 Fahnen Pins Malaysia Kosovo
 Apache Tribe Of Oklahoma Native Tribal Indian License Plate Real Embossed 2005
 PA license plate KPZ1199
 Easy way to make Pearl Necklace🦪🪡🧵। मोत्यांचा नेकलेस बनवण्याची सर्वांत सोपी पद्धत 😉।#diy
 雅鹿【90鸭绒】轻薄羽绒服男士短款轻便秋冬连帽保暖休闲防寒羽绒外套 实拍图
---
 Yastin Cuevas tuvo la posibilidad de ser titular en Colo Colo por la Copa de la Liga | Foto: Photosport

## Task requirements
In the entries above, find the line with "Easy way to" and the line with "雅鹿【90鸭绒】轻薄羽绒服男士短款轻便秋冬连帽保暖休闲防寒羽绒外套 实拍图", then restate word for word both of them and every line between, with nothing more.

## Your solution
 Easy way to make Pearl Necklace🦪🪡🧵। मोत्यांचा नेकलेस बनवण्याची सर्वांत सोपी पद्धत 😉।#diy
 雅鹿【90鸭绒】轻薄羽绒服男士短款轻便秋冬连帽保暖休闲防寒羽绒外套 实拍图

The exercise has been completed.